Applied Biological Data Analysis
Statistics and R for Biologists
January 14, 2022
This website accompanies a course I developed in Fall 2021: Applied Biological Data Analysis. The course is currently a “special topics” (i.e., seminar), but will hopefully someday evolve into a regular course. The target audience is biology graduate students and advanced undergraduates who need to analyze data for their research projects. If you find the material here helpful, please let me know! Likewise, if you have comments for improvement, I’d love to hear from you.
License and permissions
This work and its content is released under the Creative Commons Attribution-ShareAlike 4.0 license. This means that you are allowed to share the material and adapt it for your purposes, under the following conditions:
- Give appropriate credit to the author. This includes citing the original sources of any third-party datasets used in some of the tutorials. I’ve done my best to provide appropriate citations alongside these datasets.
- If you remix, transform, or build upon the material, you must distribute your contributions under the same license as the original.
This site is for educational purposes only. This work and its content is released under the Creative Commons Attribution-ShareAlike 4.0 license. Inclusion of third-party data falls under guidelines of fair use as defined in section 107 of the US Copyright Act of 1976.
This course is a survey of data analysis skills and statistical methods that are essential for modern biology. The course takes a holistic approach to the data analysis workflow in biology using the open-source environment R, including data management, exploratory data analysis, data modeling, and reproducible science practices. Statistical topics covered include generalized linear models, mixed effects models, non-linear models, and ordination. Students are required to apply techniques learned in class to real or simulated biological datasets as a course project.
- Explain the role of statistics in the biological sciences and the ways in which analytical results are communicated.
- Manipulate, summarize, display, and analyze data using the open-source environment and language R.

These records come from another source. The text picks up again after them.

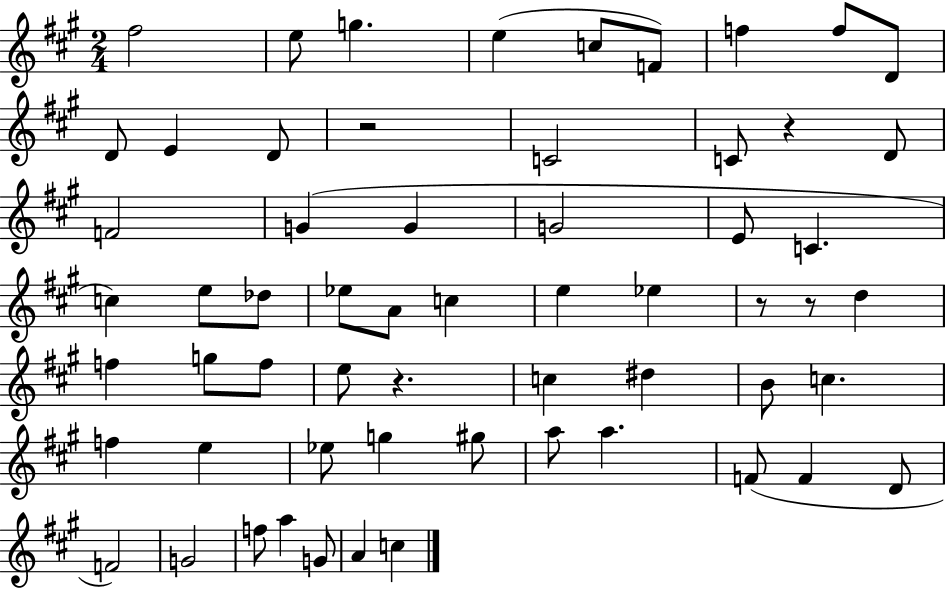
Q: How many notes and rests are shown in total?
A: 60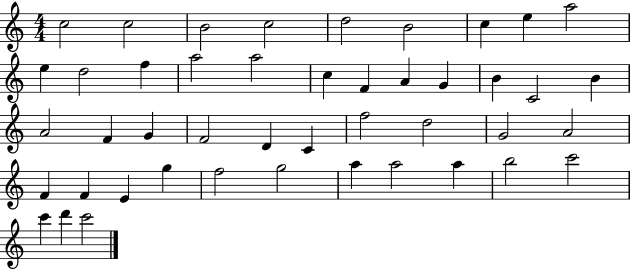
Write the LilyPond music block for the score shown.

{
  \clef treble
  \numericTimeSignature
  \time 4/4
  \key c \major
  c''2 c''2 | b'2 c''2 | d''2 b'2 | c''4 e''4 a''2 | \break e''4 d''2 f''4 | a''2 a''2 | c''4 f'4 a'4 g'4 | b'4 c'2 b'4 | \break a'2 f'4 g'4 | f'2 d'4 c'4 | f''2 d''2 | g'2 a'2 | \break f'4 f'4 e'4 g''4 | f''2 g''2 | a''4 a''2 a''4 | b''2 c'''2 | \break c'''4 d'''4 c'''2 | \bar "|."
}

- Use probability distributions to model and think about biological phenomena. Students should come away from the course able to translate biological hypotheses and ideas into statistical statements and vice versa.
- Conduct exploratory data analyses in support of scientific investigations, particularly to detect and diagnose common problems with biological datasets.
- Employ modern statistical methods to answer biological questions.
- Communicate data and analytical results to audiences who may or may not have statistical backgrounds.
- Access to a computer or laptop capable of running R version \(\ge\) 4.0.
- Having a recent version of RStudio is helpful but not esssential.
- A 64-bit system is highly recommended for speed and stability.
- A separate program in which to write and edit code.
- Most people prefer to use an “integrated development environment” (IDE) or dedicated code editor for coding.
- IDEs and code editors are often subject to irrationally strong personal and organizational preferences, so just pick the one that works for you. Or, use the one your supervisor tells you to use.
- My usual workflow includes two windows: the base R GUI, and Notepad++.
- It would helpful to have a dataset of your own to work with. Each course module uses numerous examples with simulated or published datasets. But, at the end of the day, you’re probably here because you need to apply these methods to your own work.
The primary textbook for the course is Bolker (2008). This is a general statistics textbook for biologists. The applications and examples are focused on ecology, but the statistical exposition is relevant to any area of biology.
Some other general statistics and R books you may find helpful include Dalgaard (2002) and Zuur et al. (2009b). A more advanced statistics book that also introduces machine learning is James et al. (2013), which is also available for free online. Parts of the course also lean heavily on Zuur et al. (2007), McCune et al. (2002), Legendre and Legendre (2012), and Kéry (2010).
If you want a PDF version of this website, you can download it here.
This course is organized into modules that each focus on one of the objectives of the course. The links below will take you straight to the start of each module.
Module 1 is an introduction to the use of statistics in biology, and explores some fundamental issues related to how biologists make inferences based on data.
Module 2 is an introduction to the R progam and programming language.
Module 3 takes a deep dive into manipulating data in R. This includes data import and export, working with special data types such as dates and times, and data frame management.
Module 4 is a survey of common techniques for exploratory data analysis. This is a vital step in the data analysis workflow because it can reveal unexpected patterns and problems in the data.
Module 5 introduces generalized linear models (GLM), an extremely general and powerful framework for analyzing biological data. This module presents worked examples of some of the most common GLMs in biology.
Module 6 explores nonlinear models for relationships that don’t follow a straight line. These models include biological growth curves and dose response curves.
Module 7 introduces mixed models, which extend GLM and other models to include random effects. Mixed models allow biologists to account for variability from unknown sources.
Module 8 explores methods for multivariate data analysis, including distance measures and ordination.
Module 9 is a guide to selecting statistics for your research. This module contains dichotomous keys to help you decide what statistical methods are most appropriate for the question you are trying to analyze.